Phd Project Internet-of-Things


The technological developments of sensor networks have resulted in the availability of small and cheap sensors that can communicate in an energy-efficient way (e.g., via the LoRaWAN protocol). This makes it possible to attach networked sensors to many objects in the real world and remotely measure many aspects of the environment. This development is sometimes described as the “Internet-Of-Things”. In combination with body area networks and mobile phones, this can be used to interpret and influence human behaviour, focusing for example on the improvement of health and wellbeing, sustainability or safety.

In this project, expertise on sensors and high-performance distributed computing (from the HPDC group of Henri Bal and Thilo Kielmann) will be combined with expertise on advanced modelling and interpretation (from the Behavioural Informatics group of Jan Treur and Michel Klein) to investigate how the human can be made an element in the Internet-of-Things. Specifically, the aim is to develop a generic framework for performing intelligent data interpretation tasks in a sensor network aiming at influencing human behaviours and evaluate this framework in several usage scenario’s, i.e. sustainability, health and safety.

We will take into account the research questions around networking, distributed data collection, data interpretation and computational modelling of human behaviour in the context of real-world scenarios.

Scientific challenges

The central research question in this project is: how can we design and develop frameworks based on wireless sensor networks for effectively supporting specific human behaviours? From this question, more specific challenges follow:

  1. How to collect, communicate, store, abstract, and summarize distributed sensor data?
  2. How to design systems in a robust way such that they can cope with incomplete and outdated data?
  3. How to computationally model social processes (e.g., of social influence) and factors that determine specific health / sustainable / safety behaviours?
  4. How to integrate sensor measurements and online data sources with high-performance parallel simulations (e.g. for parameter tuning) and how to decide where to store which sensor data and where to do the computations.
  5. How to use both data and simulation results for deciding about the actions of computer systems?

Approach and phases

In the first phase of the project, the PhD student will familiarize with sensor networks, human behaviour modelling, and/or parallel programming, depending on the background of the student (AI or Computer Science).
Secondly, a framework will be designed in which computation models can be used for interpreting sensor data and deciding about the actions. This framework will be based on the existing SWAN platform that is developed in Bal’s group by several PhD students (and is already applied within ACBA).
Subsequently, the framework will be applied in 2 to 3 different application domains. These domains will be chosen in order of increasing complexity, such that prototypes can be built upon each other. For each of the application domains, a selection will be made of relevant sensor or online data and computational models will be developed (or adapted from existing models) that are able to reason about this data. After that, a prototype of the sensor system will be developed according to the designed framework. The prototype will be tested in a real world scenario with actual users, for example using field labs.
Eventually, the project will result in a generic framework for performing intelligent data interpretation tasks in a sensor network aiming at influencing human behaviours.

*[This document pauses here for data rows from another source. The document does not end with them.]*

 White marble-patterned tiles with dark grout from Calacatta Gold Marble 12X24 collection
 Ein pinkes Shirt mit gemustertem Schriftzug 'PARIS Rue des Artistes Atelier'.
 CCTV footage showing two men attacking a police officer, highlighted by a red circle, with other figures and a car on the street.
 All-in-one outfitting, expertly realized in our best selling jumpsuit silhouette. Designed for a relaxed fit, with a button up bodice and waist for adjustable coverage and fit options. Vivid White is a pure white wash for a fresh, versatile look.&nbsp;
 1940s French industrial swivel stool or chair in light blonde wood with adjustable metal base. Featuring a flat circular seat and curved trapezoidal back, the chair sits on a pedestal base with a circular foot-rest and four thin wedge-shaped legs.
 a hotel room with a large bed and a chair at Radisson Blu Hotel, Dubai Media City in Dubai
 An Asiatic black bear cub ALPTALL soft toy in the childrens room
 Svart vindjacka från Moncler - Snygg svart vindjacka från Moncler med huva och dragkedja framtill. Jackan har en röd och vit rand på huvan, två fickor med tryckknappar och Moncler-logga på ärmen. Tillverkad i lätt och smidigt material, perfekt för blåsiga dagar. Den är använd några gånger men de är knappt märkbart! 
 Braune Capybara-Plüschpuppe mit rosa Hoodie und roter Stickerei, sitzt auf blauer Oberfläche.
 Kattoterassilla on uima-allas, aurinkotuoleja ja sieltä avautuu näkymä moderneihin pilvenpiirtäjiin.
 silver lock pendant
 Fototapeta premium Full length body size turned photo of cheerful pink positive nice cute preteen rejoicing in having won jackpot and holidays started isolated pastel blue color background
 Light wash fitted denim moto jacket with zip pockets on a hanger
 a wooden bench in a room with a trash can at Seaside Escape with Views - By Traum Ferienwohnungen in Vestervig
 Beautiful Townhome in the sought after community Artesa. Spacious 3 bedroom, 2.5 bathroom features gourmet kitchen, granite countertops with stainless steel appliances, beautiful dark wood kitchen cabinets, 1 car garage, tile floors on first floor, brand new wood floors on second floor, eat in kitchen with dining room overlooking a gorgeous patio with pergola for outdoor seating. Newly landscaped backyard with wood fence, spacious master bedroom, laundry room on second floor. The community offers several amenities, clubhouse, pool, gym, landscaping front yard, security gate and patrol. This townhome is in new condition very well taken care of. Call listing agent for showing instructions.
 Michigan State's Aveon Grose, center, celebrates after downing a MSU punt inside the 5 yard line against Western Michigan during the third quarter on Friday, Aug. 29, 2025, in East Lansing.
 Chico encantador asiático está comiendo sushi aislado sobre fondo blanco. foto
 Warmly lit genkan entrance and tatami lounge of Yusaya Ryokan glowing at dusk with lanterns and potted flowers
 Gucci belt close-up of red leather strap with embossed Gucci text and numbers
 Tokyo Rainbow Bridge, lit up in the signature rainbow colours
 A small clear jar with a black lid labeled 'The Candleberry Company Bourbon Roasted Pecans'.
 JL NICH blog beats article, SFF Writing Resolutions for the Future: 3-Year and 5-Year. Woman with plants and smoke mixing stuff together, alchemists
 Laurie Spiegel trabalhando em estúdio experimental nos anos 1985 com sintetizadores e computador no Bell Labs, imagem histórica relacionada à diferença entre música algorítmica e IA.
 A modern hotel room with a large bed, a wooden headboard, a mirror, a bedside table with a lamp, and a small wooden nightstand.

The following domains are considered; the final decision will be made during the course of the project:

  • Sustainability: A change in the behaviour of people is seen as a key factor for energy saving. A relatively simple set of sensors will be used in this domain. Important data sources in this domain are sensors related to appliance use, presence of people in specific rooms, inside temperature, functioning of heating and cooling systems and weather data. Computational models can describe psychological and economical factors that influence behavioural choices and thermo-dynamic aspects of buildings. A sensor based system could reason about optimal usage of energy systems and appliances in combination with steering human choices.
  • Health and wellbeing: In this domain, physiological measurements, sensors related to the location, usage of sporting equipment and weather data are relevant data sources. This requires outdoor sensors via a LoRaWAN network in combination with Body Area Network. Computational models describe determinants of health behaviour and are able to predict the consequence of the combination of the different measurements on the health behaviours; this forms the basis for actions of the system (nudges, reminders, advices) towards the user.
  • Safety: During large events and especially in evacuation scenarios, the challenge is to manage the behaviour of large groups of people, who also influence each other. A large number of sensors is required, for measuring the crowdedness at specific locations, the emotion of people involved and the availability of specific routes. Moreover, complex and distributed reasoning is required to use this data as input to simulation models that predict the effect on the behaviour and the emotion of the crowd. These predictions can be used as basis for real time crowd management advices.